### What needs to be done
Each line from the one containing "vidaXL H-Shaped Gabion" through the end of the entries below must be output exactly; no other line belongs.

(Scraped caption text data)

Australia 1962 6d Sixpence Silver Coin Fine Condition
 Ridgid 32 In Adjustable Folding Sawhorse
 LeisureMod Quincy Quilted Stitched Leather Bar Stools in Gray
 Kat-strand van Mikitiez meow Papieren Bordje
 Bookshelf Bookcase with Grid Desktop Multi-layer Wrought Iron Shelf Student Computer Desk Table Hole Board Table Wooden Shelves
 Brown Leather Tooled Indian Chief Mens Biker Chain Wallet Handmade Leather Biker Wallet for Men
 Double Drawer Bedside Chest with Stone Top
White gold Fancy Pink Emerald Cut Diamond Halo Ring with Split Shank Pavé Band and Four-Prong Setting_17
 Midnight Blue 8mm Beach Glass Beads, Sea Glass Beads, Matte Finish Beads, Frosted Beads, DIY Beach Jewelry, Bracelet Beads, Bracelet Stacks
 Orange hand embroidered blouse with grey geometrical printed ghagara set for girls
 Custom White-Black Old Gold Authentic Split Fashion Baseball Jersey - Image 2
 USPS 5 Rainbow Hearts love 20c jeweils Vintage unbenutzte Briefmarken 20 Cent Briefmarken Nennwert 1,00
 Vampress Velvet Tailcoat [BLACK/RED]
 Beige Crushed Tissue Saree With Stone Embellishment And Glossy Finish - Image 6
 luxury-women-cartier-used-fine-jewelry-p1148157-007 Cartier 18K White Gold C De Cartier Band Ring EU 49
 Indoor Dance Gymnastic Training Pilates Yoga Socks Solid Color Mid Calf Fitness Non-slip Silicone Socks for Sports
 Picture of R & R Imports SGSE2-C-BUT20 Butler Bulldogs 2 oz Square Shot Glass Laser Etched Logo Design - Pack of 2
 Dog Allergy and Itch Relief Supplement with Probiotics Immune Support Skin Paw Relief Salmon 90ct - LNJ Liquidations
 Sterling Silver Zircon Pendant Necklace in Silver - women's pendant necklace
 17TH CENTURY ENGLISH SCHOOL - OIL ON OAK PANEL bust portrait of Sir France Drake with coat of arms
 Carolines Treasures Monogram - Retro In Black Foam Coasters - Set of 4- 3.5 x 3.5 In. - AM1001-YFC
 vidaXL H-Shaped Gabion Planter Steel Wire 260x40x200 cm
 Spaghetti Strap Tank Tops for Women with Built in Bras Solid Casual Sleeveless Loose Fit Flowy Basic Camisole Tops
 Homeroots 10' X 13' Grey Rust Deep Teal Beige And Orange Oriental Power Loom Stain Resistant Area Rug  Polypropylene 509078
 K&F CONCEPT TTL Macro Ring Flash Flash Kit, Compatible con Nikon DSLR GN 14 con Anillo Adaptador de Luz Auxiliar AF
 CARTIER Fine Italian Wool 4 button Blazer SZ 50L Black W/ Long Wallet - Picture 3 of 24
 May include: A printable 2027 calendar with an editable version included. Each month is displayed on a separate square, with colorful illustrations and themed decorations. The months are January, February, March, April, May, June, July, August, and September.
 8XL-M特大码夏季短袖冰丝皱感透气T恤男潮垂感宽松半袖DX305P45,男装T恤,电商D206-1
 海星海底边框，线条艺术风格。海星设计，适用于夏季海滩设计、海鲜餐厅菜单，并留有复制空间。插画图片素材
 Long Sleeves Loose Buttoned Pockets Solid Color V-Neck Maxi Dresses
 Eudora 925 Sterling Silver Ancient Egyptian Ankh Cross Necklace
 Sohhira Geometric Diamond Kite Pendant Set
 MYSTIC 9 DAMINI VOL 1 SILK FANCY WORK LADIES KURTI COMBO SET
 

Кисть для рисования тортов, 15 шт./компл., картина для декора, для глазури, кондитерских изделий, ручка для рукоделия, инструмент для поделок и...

### Result below
 vidaXL H-Shaped Gabion Planter Steel Wire 260x40x200 cm
 Spaghetti Strap Tank Tops for Women with Built in Bras Solid Casual Sleeveless Loose Fit Flowy Basic Camisole Tops
 Homeroots 10' X 13' Grey Rust Deep Teal Beige And Orange Oriental Power Loom Stain Resistant Area Rug  Polypropylene 509078
 K&F CONCEPT TTL Macro Ring Flash Flash Kit, Compatible con Nikon DSLR GN 14 con Anillo Adaptador de Luz Auxiliar AF
 CARTIER Fine Italian Wool 4 button Blazer SZ 50L Black W/ Long Wallet - Picture 3 of 24
 May include: A printable 2027 calendar with an editable version included. Each month is displayed on a separate square, with colorful illustrations and themed decorations. The months are January, February, March, April, May, June, July, August, and September.
 8XL-M特大码夏季短袖冰丝皱感透气T恤男潮垂感宽松半袖DX305P45,男装T恤,电商D206-1
 海星海底边框，线条艺术风格。海星设计，适用于夏季海滩设计、海鲜餐厅菜单，并留有复制空间。插画图片素材
 Long Sleeves Loose Buttoned Pockets Solid Color V-Neck Maxi Dresses
 Eudora 925 Sterling Silver Ancient Egyptian Ankh Cross Necklace
 Sohhira Geometric Diamond Kite Pendant Set
 MYSTIC 9 DAMINI VOL 1 SILK FANCY WORK LADIES KURTI COMBO SET
 

Кисть для рисования тортов, 15 шт./компл., картина для декора, для глазури, кондитерских изделий, ручка для рукоделия, инструмент для поделок и...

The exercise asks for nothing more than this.